IV - O artigo 64º, nº1, alínea d) do Código Processo Penal, que preceitua o seguinte: “ É obrigatória a assistência do defensor…em qualquer ato processual, à exceção da constituição de arguido, sempre que o arguido for cego, surdo, mudo, analfabeto, desconhecedor da língua portuguesa, menor de 21 anos, ou se suscitar a questão da sua inimputabilidade ou da sua imputabilidade diminuída;” e em concretização da Diretiva 2010/64/64/EU o artigo 92º, nº2 do Código Processo Penal que prescreve o seguinte: “Quando houver de intervir no processo pessoa que não conhecer ou não dominar a língua portuguesa, é nomeado, sem encargo para ela, intérprete idóneo, ainda que a entidade que preside ao acto ou qualquer dos participantes processuais conheçam a língua por aquela utilizada.”, tudo em nome do acesso a justiça e conhecimento efetivo dos direitos e deveres que impendem sobre os arguidos.
V - A lei pauta a sua redação pelo acesso às garantias dos direitos fundamentais e de defesa, sendo disso exemplo o Acórdão do Tribunal da Relação de Évora, processo nº921/12.8TAPTM, de 14/10/2014, evidenciando que a lei impõe assistência de defensor em situações que possam afetar qualquer indivíduo em termos pessoais ou processuais, assegurando o que comumente se denomina por “minimum rights”.
VI - A constituição como arguido não impõe a exigência de nomeação de defensor, mesmo no caso em que o arguido seja cego, surdo, mudo, analfabeto, desconhecedor da língua portuguesa, menor de 21 anos, ou se suscite a questão da sua inimputabilidade ou da sua imputabilidade diminuída, sendo apenas exigível quando os arguidos prestam declarações nessa qualidade e independentemente da da autoridade perante qual o fazem.
VII - A lei é clara no sentido de que a constituição de arguido não carece de nomeação de defensor pelo que, não existe qualquer nulidade, muito menos a de constituição de arguido e prestação do respetivo TIR, devendo os atos processuais serem considerados válidos e os autos prosseguirem a tramitação subsequente (neste sentido Acórdão do Tribunal da Relação de Évora, processo nº8/23.8GBABT-A.E1, de 25/05/2023).

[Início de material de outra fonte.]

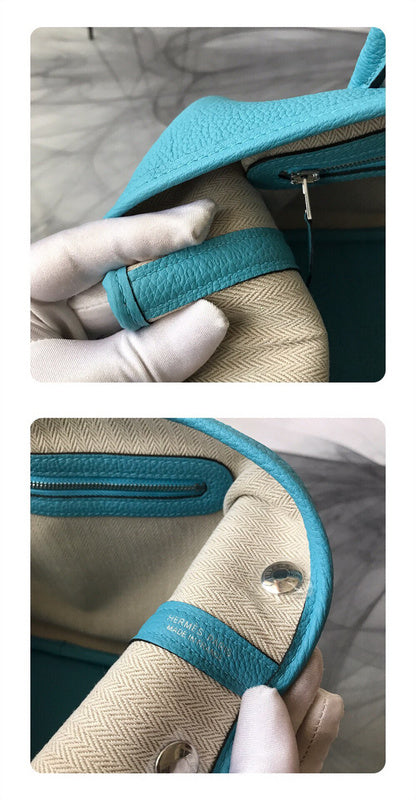 Glami - HMS Bags - 1285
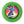 Wham o Frisbee Ultimate Outdoor Fun Plastic Disc - Dipaliz - Flying Discs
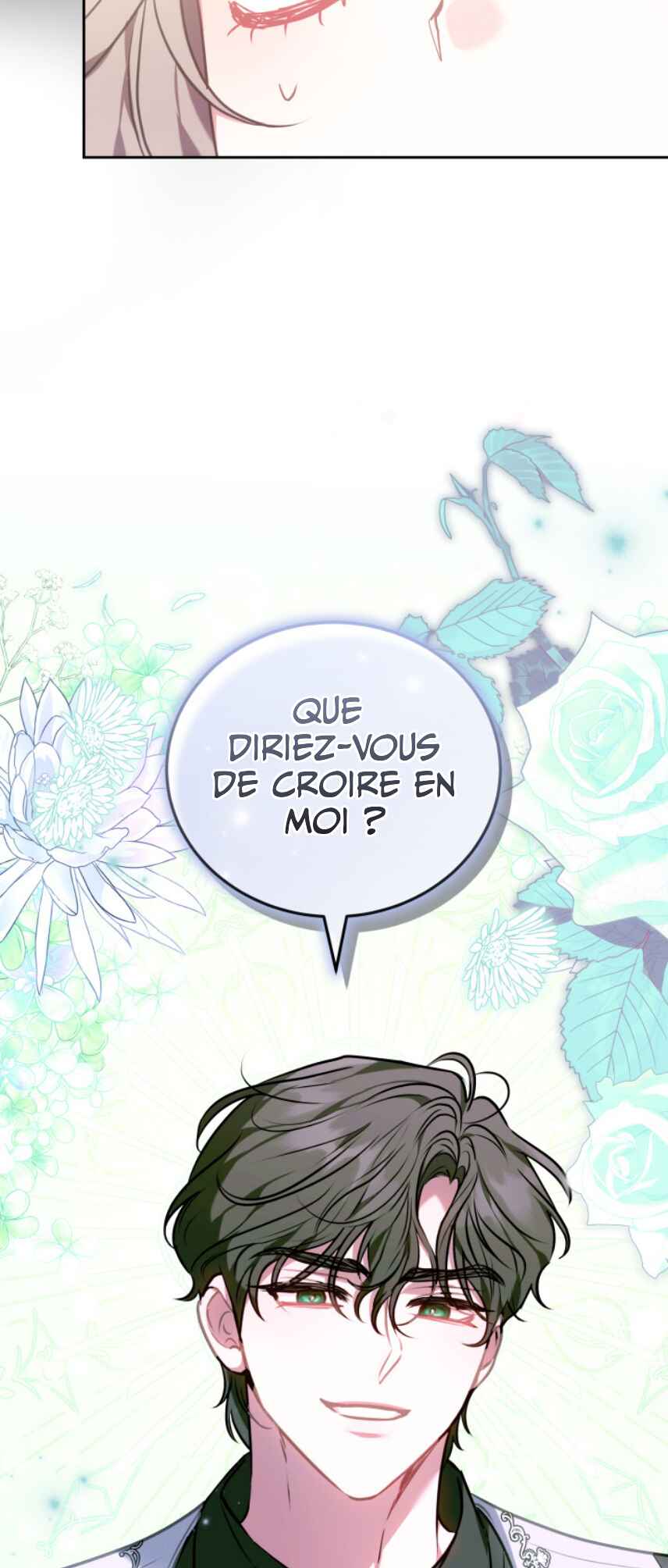 Though I’m a Homebody, I Found Myself in a Dark Captive Genre Chapter 1 - Page 95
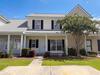 Photo of 210 Congaree River Drive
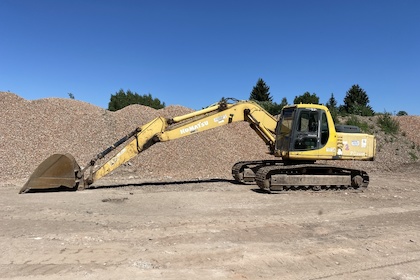 Komatsu0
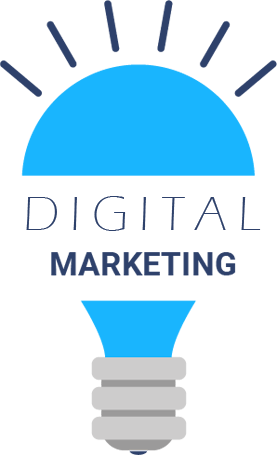 Email Marketing - Digital Marketing Services (277x455), Png Download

VIII - Fazer uma interpretação como a do despacho agora colocado em crise, é fazer uma interpretação sem fundamento legal e violadora dos artigos 61º, 92º, 122º, 123º, do Código Processo Penal dos artigos 32º e 219 da Constituição da República Portuguesa, urgindo o mesmo ser revogado e substituído por um que reponha a legalidade ou seja, não declarar a nulidade da constituição de arguido e prestação de TIR por parte de V, da acusação pública, notificação e remessa do processo para os serviços do Ministério Público.

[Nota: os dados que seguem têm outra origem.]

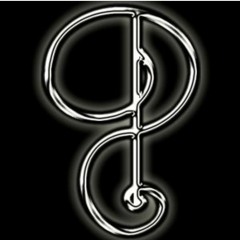 𝒦𝒶𝓎 𝒫🏵𝓌𝑒𝓁𝓁  🎀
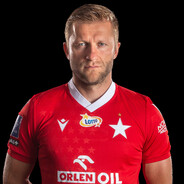 Jakub Błaszczykowski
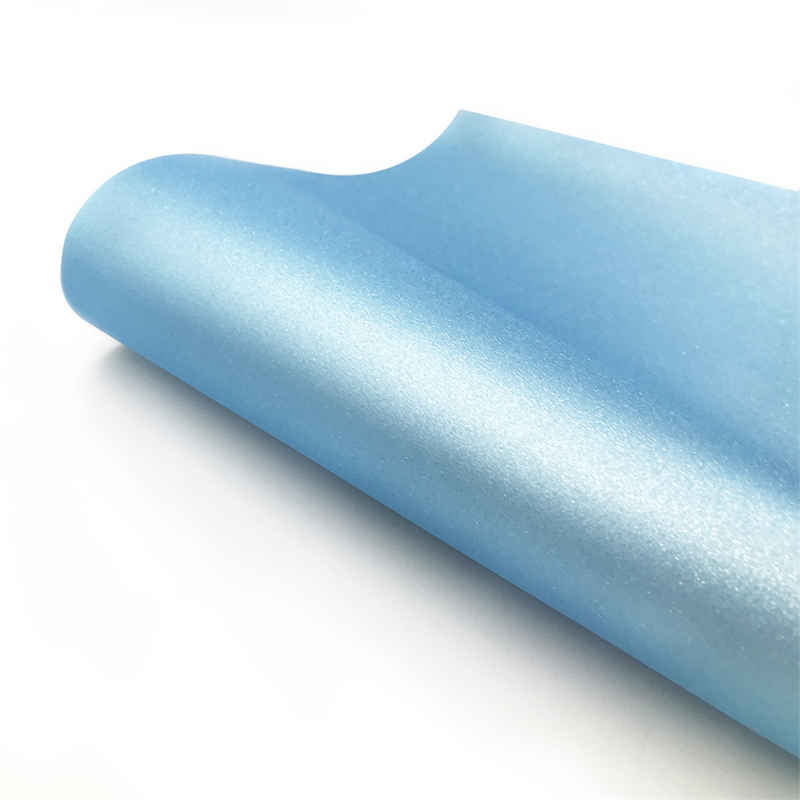 Сделай сам Мелкий блестящий порошок Наклейки с надписями Наклейки на чашки Виниловые праздничные украшения Самоклеящиеся настенные наклейки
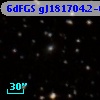 6dFGS gJ181704.2-653415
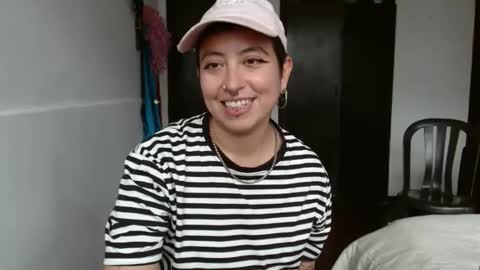 Poly online show from January 2025 05:41:01 PM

Termos em que, deve o despacho ser revogado e substituindo por um que considere o ato de constituição de V como arguido válido, tal como a prestação do respetivo TIR válida, fazendo-se dessa forma Justiça.

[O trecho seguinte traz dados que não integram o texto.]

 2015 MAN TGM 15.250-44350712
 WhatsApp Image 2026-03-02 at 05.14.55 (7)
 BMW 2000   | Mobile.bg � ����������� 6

Delimitação do objeto do recurso
O âmbito do recurso é delimitado em função do teor das conclusões extraídas pelo recorrente da motivação apresentada, só sendo lícito ao Tribunal “ad quem” apreciar as questões desse modo sintetizadas, sem prejuízo das que importe conhecer oficiosamente, como são os vícios da sentença previstos no artigo 410º, nº2, do CPP, mesmo que o recurso se encontre limitado à matéria de direito (cfr. Ac. do Plenário das Secções Criminais do STJ de 19/10/1995, DR I-A Série, de 28/12/1995 e artigos 403º, nº1 e 412º, nºs 1 e 2, ambos do CPP).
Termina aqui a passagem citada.